Source data

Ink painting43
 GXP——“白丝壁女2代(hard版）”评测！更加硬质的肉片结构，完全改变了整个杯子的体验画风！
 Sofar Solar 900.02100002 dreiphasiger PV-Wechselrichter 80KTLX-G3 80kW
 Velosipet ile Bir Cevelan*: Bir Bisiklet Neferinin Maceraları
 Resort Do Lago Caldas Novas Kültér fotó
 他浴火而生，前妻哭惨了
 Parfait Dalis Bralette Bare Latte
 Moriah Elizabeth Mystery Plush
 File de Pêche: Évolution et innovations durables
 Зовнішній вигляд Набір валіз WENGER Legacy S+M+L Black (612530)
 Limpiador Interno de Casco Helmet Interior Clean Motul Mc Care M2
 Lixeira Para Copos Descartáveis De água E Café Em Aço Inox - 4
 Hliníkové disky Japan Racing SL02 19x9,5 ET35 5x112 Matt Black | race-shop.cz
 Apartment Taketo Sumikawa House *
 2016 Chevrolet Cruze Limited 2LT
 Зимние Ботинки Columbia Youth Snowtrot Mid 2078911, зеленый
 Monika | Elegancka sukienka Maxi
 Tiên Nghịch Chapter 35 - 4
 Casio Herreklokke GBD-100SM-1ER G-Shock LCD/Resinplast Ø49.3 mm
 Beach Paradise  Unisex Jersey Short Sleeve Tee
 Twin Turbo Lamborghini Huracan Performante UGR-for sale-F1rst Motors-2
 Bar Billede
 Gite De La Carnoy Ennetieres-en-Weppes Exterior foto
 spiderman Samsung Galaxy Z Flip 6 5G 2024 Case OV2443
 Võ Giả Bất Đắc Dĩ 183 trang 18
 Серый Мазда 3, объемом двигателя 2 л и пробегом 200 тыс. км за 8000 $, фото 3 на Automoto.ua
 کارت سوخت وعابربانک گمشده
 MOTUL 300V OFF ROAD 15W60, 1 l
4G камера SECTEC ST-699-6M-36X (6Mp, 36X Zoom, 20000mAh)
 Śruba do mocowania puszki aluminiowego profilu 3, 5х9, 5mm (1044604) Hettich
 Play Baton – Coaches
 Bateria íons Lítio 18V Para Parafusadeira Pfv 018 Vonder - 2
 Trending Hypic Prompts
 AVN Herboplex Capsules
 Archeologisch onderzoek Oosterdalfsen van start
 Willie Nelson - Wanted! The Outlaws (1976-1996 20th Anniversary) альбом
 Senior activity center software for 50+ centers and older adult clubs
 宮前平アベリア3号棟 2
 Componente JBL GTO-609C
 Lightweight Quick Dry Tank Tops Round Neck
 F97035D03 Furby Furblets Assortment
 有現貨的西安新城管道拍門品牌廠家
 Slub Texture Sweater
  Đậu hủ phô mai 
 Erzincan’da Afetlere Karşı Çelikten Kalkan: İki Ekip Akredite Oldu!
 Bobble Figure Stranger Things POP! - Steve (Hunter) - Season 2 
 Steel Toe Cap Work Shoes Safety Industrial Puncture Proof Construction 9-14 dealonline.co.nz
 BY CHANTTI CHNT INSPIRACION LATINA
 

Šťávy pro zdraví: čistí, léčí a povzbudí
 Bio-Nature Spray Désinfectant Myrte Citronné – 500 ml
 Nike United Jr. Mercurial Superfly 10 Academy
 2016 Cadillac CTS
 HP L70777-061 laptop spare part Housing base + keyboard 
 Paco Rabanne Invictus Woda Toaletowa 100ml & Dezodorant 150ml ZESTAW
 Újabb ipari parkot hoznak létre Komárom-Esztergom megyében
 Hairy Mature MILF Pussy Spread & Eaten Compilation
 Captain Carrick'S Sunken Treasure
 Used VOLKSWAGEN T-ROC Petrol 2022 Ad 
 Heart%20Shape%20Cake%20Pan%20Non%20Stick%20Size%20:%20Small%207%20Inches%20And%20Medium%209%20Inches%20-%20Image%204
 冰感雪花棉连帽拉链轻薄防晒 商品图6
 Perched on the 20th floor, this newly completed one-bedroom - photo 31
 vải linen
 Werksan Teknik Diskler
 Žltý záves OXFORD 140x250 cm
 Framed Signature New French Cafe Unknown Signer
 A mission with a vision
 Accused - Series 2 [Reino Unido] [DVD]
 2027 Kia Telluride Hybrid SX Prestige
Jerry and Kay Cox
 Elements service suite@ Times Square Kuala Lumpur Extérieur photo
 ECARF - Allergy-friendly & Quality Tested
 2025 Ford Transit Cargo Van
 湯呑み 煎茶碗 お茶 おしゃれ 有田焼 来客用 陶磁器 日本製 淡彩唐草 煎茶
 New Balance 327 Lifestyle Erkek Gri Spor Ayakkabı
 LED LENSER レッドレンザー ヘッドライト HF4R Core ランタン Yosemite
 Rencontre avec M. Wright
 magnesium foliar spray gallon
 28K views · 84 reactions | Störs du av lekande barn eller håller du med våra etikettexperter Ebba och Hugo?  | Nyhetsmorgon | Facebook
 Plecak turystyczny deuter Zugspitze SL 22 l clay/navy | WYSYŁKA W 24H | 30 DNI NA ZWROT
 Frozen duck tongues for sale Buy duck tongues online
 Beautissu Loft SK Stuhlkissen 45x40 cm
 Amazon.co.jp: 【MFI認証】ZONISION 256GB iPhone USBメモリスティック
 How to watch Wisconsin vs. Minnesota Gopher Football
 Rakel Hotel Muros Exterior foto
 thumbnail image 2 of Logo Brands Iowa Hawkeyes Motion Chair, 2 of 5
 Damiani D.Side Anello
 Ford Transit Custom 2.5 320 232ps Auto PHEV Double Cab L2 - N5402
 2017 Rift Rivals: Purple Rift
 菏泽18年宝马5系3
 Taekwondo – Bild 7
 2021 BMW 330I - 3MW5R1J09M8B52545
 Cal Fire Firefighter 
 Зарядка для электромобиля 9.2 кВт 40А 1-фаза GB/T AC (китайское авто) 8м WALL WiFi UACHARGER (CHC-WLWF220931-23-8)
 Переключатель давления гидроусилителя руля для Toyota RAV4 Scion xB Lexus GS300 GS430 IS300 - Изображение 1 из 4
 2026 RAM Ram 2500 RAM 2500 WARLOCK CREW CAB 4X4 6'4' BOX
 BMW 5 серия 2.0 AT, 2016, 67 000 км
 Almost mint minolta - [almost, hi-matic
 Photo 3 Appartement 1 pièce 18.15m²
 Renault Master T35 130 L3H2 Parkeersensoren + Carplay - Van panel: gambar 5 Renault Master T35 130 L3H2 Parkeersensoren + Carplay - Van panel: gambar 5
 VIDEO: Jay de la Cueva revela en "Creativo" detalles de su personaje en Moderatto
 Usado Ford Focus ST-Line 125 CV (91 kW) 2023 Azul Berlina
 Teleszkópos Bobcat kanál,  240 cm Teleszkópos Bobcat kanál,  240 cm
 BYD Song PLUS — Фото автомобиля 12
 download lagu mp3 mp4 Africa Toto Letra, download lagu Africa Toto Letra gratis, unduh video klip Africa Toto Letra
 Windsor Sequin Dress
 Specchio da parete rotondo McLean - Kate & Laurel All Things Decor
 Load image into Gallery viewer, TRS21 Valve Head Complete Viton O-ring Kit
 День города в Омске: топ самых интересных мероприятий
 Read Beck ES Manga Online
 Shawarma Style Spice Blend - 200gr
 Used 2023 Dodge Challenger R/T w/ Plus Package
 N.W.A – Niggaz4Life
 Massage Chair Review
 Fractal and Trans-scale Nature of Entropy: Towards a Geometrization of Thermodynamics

§ TASK BRIEF
Retype exactly the lines from the start of the entries through the one with "Moriah Elizabeth Mystery Plush"; include both ends.

§ WORKED SOLUTION
Ink painting43
 GXP——“白丝壁女2代(hard版）”评测！更加硬质的肉片结构，完全改变了整个杯子的体验画风！
 Sofar Solar 900.02100002 dreiphasiger PV-Wechselrichter 80KTLX-G3 80kW
 Velosipet ile Bir Cevelan*: Bir Bisiklet Neferinin Maceraları
 Resort Do Lago Caldas Novas Kültér fotó
 他浴火而生，前妻哭惨了
 Parfait Dalis Bralette Bare Latte
 Moriah Elizabeth Mystery Plush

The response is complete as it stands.